Below are lines of data, and only some are wanted. Please repeat exactly those from the line that has "Mogens Felsby Thomas Cup 1949" through the line that has "Glam Short Blunt".
BEGIN Source data
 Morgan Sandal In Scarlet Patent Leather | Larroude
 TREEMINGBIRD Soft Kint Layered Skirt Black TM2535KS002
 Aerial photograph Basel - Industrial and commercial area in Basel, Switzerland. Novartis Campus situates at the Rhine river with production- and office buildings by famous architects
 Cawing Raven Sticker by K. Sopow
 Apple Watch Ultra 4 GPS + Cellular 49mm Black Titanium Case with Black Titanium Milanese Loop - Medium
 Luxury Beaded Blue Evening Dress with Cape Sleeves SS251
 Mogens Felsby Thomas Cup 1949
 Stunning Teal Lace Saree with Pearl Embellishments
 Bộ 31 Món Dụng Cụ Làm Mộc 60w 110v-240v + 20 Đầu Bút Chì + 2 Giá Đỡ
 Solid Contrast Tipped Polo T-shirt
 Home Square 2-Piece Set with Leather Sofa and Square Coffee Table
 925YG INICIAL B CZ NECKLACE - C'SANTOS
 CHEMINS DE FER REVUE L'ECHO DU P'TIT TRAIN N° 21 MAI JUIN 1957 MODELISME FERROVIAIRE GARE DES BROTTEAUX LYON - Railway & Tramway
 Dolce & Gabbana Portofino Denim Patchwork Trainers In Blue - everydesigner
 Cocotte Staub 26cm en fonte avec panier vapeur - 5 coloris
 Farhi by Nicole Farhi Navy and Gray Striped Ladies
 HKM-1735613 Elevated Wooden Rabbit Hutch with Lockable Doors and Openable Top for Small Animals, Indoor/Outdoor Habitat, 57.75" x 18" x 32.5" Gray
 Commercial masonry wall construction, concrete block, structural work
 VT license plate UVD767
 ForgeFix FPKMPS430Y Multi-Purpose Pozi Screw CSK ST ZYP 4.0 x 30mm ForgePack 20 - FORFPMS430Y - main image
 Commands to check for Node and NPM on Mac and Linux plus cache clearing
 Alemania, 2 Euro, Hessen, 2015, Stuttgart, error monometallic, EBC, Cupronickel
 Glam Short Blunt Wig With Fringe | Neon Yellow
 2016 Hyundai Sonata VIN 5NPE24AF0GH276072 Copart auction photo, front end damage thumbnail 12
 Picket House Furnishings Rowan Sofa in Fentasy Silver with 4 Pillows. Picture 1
END Source data
> _Your response_:
 Mogens Felsby Thomas Cup 1949
 Stunning Teal Lace Saree with Pearl Embellishments
 Bộ 31 Món Dụng Cụ Làm Mộc 60w 110v-240v + 20 Đầu Bút Chì + 2 Giá Đỡ
 Solid Contrast Tipped Polo T-shirt
 Home Square 2-Piece Set with Leather Sofa and Square Coffee Table
 925YG INICIAL B CZ NECKLACE - C'SANTOS
 CHEMINS DE FER REVUE L'ECHO DU P'TIT TRAIN N° 21 MAI JUIN 1957 MODELISME FERROVIAIRE GARE DES BROTTEAUX LYON - Railway & Tramway
 Dolce & Gabbana Portofino Denim Patchwork Trainers In Blue - everydesigner
 Cocotte Staub 26cm en fonte avec panier vapeur - 5 coloris
 Farhi by Nicole Farhi Navy and Gray Striped Ladies
 HKM-1735613 Elevated Wooden Rabbit Hutch with Lockable Doors and Openable Top for Small Animals, Indoor/Outdoor Habitat, 57.75" x 18" x 32.5" Gray
 Commercial masonry wall construction, concrete block, structural work
 VT license plate UVD767
 ForgeFix FPKMPS430Y Multi-Purpose Pozi Screw CSK ST ZYP 4.0 x 30mm ForgePack 20 - FORFPMS430Y - main image
 Commands to check for Node and NPM on Mac and Linux plus cache clearing
 Alemania, 2 Euro, Hessen, 2015, Stuttgart, error monometallic, EBC, Cupronickel
 Glam Short Blunt Wig With Fringe | Neon Yellow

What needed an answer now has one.